Captioned web image data ▸
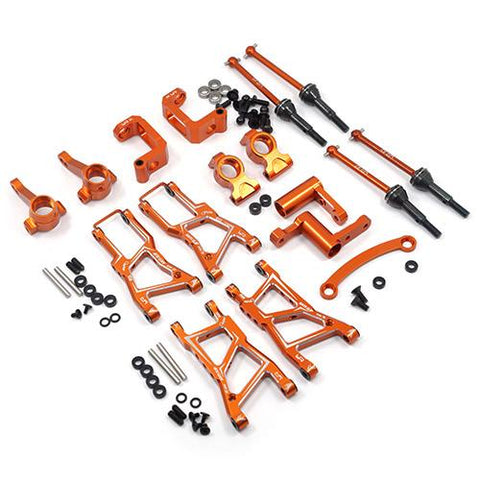 Yeah Racing HPI RS4 Sport 3 Orange Aluminum Chassis Upgrade Kit RSS3-S01OR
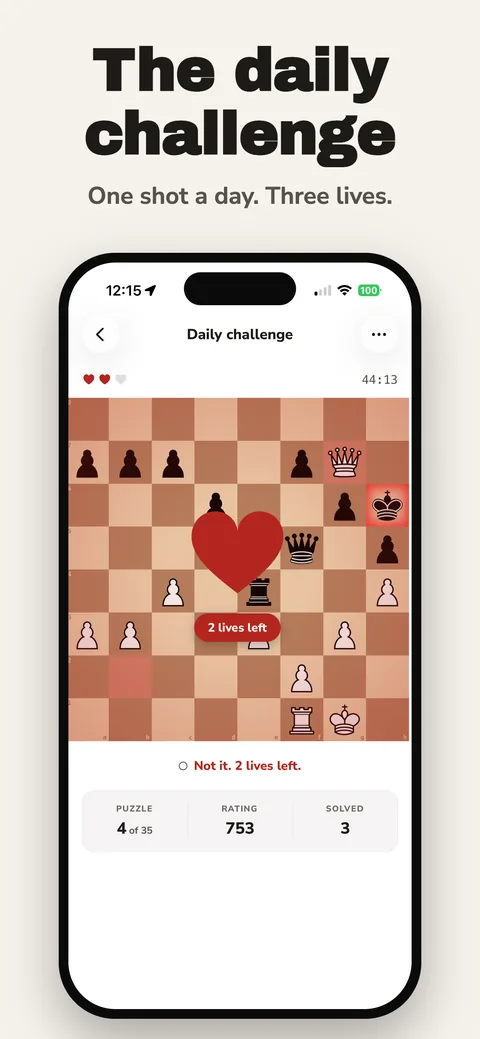 The Daily Puzzle Challenge scorecard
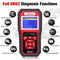 KONNWEI KW850 Car OBD2 Scanner Professional Car Diagnostic Scanner Tools OBD 2 Check Engine Check Automotive Code Reader Battery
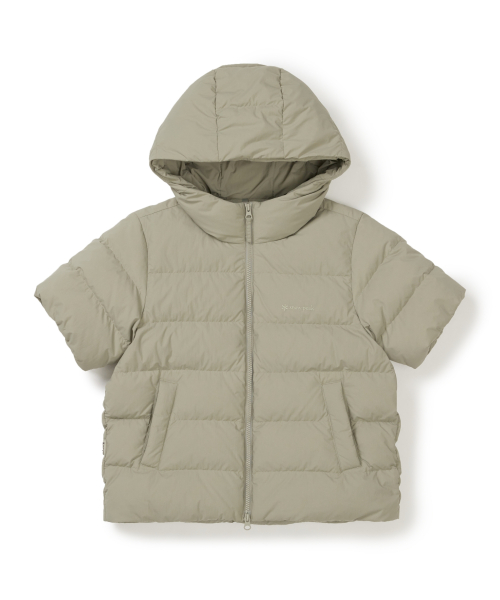 Женский легкий пуховик с коротким рукавом и капюшоном (S25WWGDJ01) Teal Khaki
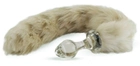 Анальна пробка з штучним хутром Crystal Minx Faux Fur Tails Snow Leopard Faux Tail (16939000000000000) - зображення 1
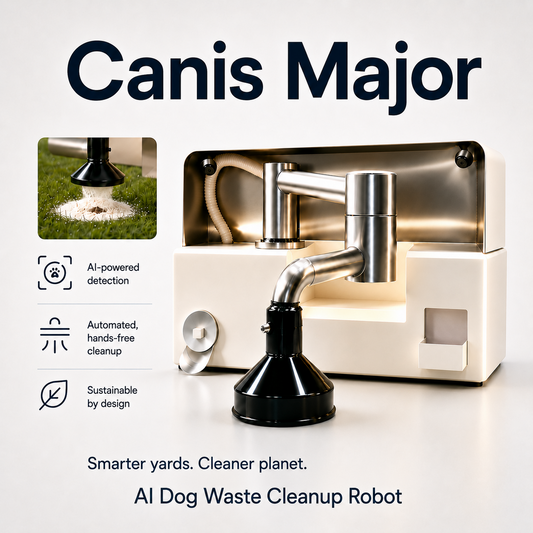 Canis Major AI Dog Waste Cleanup Robot — smarter yards, cleaner planet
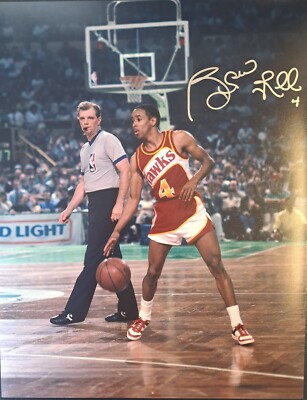 Spud Webb Atlanta Hawks Signed 11x14 Pic Autograph Photo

TASK DESCRIPTION ▸
Look above for the line with "KONNWEI KW850 Car"; quote it and every line after it, stopping after the line with "Женский легкий пуховик", exactly, with nothing added and without pictures.

RESULT FOR THIS TASK ▸
 KONNWEI KW850 Car OBD2 Scanner Professional Car Diagnostic Scanner Tools OBD 2 Check Engine Check Automotive Code Reader Battery
 Женский легкий пуховик с коротким рукавом и капюшоном (S25WWGDJ01) Teal Khaki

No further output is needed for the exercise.